### COLLECTED DATA
··········
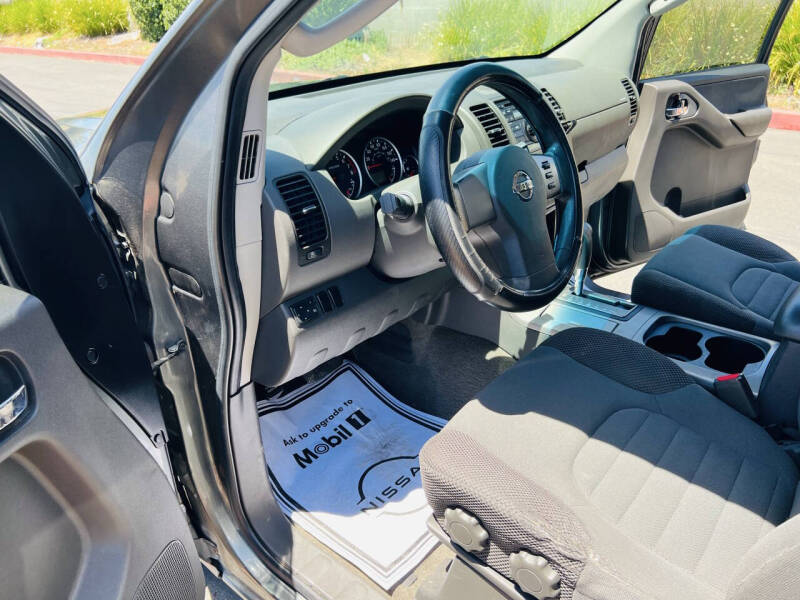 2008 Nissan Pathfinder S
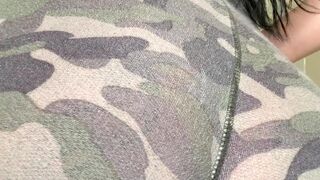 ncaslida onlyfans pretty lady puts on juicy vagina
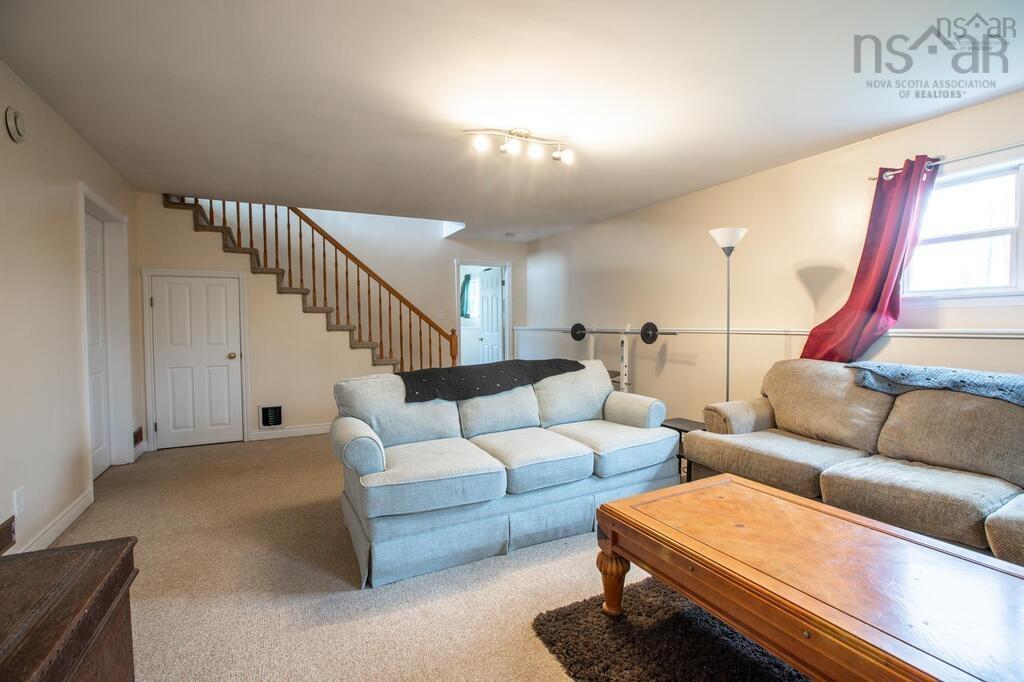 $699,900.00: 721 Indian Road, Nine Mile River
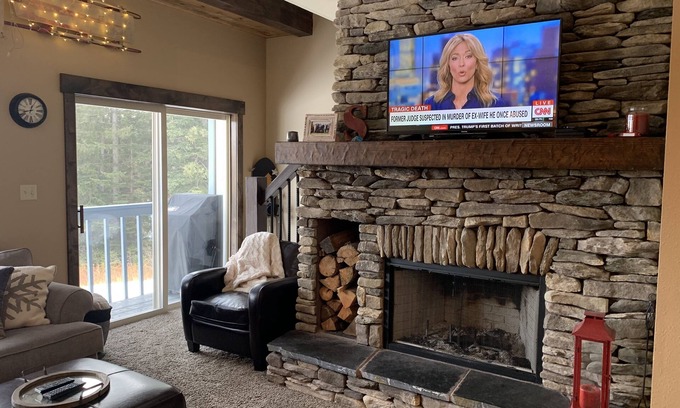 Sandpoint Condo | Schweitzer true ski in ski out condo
··········
### WHAT IS NEEDED
A verbatim copy is needed of the lines running from the line with "ncaslida onlyfans pretty" to the end of the data above, both included. Keep the pictures out of it.

### RESULT
 ncaslida onlyfans pretty lady puts on juicy vagina
 $699,900.00: 721 Indian Road, Nine Mile River
 Sandpoint Condo | Schweitzer true ski in ski out condo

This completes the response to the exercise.